Based on these results, the authors reported that only a minority of patients fell into this category of VCSS greater than 10, meaning that these patients need to be reassessed and in fact, Sadek explained, “most of these patients did not have C2 disease on review of the source data”.

In relation to mild symptoms (VCSS scores of 6 or less), there was a good correlation with low VVSymQ scores, as most of the averages fell below 7 or less. The patients with clinically significant disease from a physician’s perspective with VCSS scores of 7–9 similarly correlated with the average VVSymQ score of 7 or greater. The cumulative average of the three was 10.7; suggesting the scoring systems correlate well together.

The authors conclude that these data highlight the utility in combining patient reported scores and physician reported scores in order to stratify for disease severity and treatment rationale in patients with varicose veins. Specifically, for patients with combined elevated VCSS and VVSymQ scores, moderate to severe disease severity is corroborated, and interventional treatment may be warranted. For patients who do not meet the combined score criterion, the disease severity is likely mild and conservative therapy such as lifestyle modification and compression treatment may be the more appropriate treatment, yet this remains a topic of debate, as highlighted in the audience discussion outlined below.

Moving forward with this algorithm and combined approach, Sadek noted that additional prospective and population-based studies are required to validate the efficacy of this approach.

During the discussion, members of the audience raised some important issues regarding the criteria for patients to be considered for treatment.

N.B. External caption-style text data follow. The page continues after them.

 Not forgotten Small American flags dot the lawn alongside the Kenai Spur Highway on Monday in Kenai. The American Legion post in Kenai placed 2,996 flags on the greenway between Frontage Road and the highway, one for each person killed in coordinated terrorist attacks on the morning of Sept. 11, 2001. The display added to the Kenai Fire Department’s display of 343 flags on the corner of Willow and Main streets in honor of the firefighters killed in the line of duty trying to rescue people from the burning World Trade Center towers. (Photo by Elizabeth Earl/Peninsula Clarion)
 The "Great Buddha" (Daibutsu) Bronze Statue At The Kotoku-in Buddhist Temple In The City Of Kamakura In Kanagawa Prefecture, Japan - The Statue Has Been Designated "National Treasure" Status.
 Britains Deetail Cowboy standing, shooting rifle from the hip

Although patients enrolled in this study needed a VCSS score of 7–9 for treatment to be considered, one audience member reitrated that “in the majority of studies including patients with C2 disease, the VCSS needed for treatment is lower.” However, Sadek maintained that the higher threshold for treatment is more in line with current debate in the USA, which he says is about whether to include any C2 patients at all in reimbursement and insurance coverage. In order to be able to “lead this discussion rather than to have it lead for us and completely eliminate the treatment of C2 disease all together”, the authors opted for a more conservative higher threshold. As a result, Sadek noted only approximately one third of patients evaluated in the study were treated with interventions, and added “whether it is appropriate or not, I think that is what need ongoing validation… perhaps the threshold is too high, but it is tough to tell without more data.” On further questioning, Sadek suggested that maybe the criteria should be modified so the number of patients considered appropriate for treatment is adjusted to 50–70% of patients with varicose veins.

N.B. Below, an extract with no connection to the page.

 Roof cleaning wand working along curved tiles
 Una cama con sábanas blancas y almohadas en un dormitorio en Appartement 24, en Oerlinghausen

“It is hard to distinguish a truly symptomatic patient to one who wants treatment for cosmetic reasons”, Sadek explained, and added that “physicians must be selective” due to financial, political and “all sorts of pressures” currently pushing in the direction of no treatment. Additionally, he noted that although the authors know a certain percentage of patients will deteriorate to C3 and C4 over time, they are unsure as to whether an interventional treatment strategy will decrease this risk overall.

Audience discussion further highlighted the difficulties of correlating symptoms and signs, and whether these should remain separate in assessments. Sadek acknowledged that they in fact do not correlate, yet suggested that this was almost a justification in combining them, as it resulted in a clinically significant cohort. He recognised that this is a challenging topic—whether it is valid to combine them to begin with. He reiterated, however, that “this just happened to be one method that seemed to find a clinically significant cohort of patients, from both the patients’ and physicians’ perspective.”

Sadek concluded that the data presented are indicative of one hypothesis-generating idea, meaning additional prospective studies are undeniably needed to validate the efficacy of this approach.